San Francisco needs to come out on fire and prove it is worthy.
In Philadelphia’s loss to Chicago, Westbrook’s production was missed.
Then came a tough game against an ascendant Washington team that has a Jim Zorn-modified version of the West Coast offense.
Westbrook fractured two ribs in that agonizing loss – the third out of Philadelphia’s past four games.
Sunday’s game will feature a Philadelphia team that believes it should be a Super Bowl contender, rather than the pretender the squad has been so far this year.
The Eagles’ propensity to be doing well in games, especially against bitter division rivals Dallas and Washington, is only surpassed by their inclination to self-destruct with what some observers would describe as foolish mistakes that have directly led to their losses.
With the 49ers, there was a glimmer of hope that they could have a winning season. In my heart, I hoped they would make the playoffs.
I’ve been bitterly disappointed, as I am sure the players and coaches are. They take the heat from everyone, including fans like me.

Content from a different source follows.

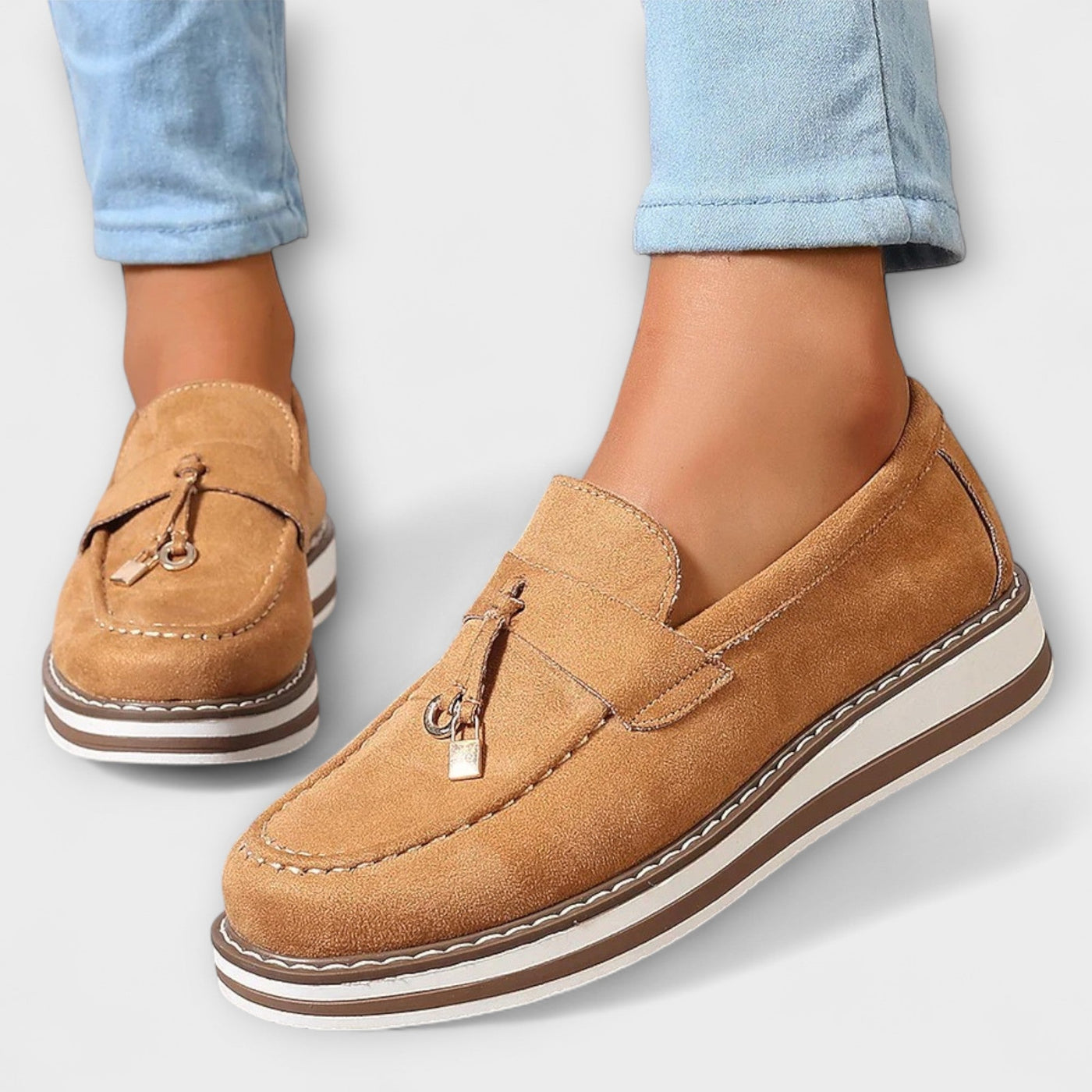 Halo – Casual Sneakers with Round Toe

Many fans and the team’s coaches seemed to feel the 49ers were set for the year on defense, but I’m worried about their ability to overcome a losing record.
I admit the defense was on the field way too much against New England.
A case could even be made in other games; however, the defense should not have been overly tired when the momentum and scoreboard changed in those games. However, I’ve already written about that, so why belabor it?
The offense felt it had a decent shot of J.T. O’Sullivan leading an attack where he would have the advantage of a decent rushing attack while having Isaac Bruce to hit on long passes.
I’m still hoping for a game where the offense gels, but as I wrote in another article, the brightest spot on offense is Frank Gore.
Before you trash O’Sullivan too much, you have to realize that Mike Martz’s offense is complex, O’Sullivan is really a rookie, and he doesn’t have great receivers.
Although I deeply respect Bruce – a San Francisco one-man eliminator in some past games, he isn’t the Bruce of old, but he’s good enough.
He brings a sense of dignity to this team both on and off the field. Let’s hope his polish rubs off on an offense that needs a good game against Philadelphia to stay at 500.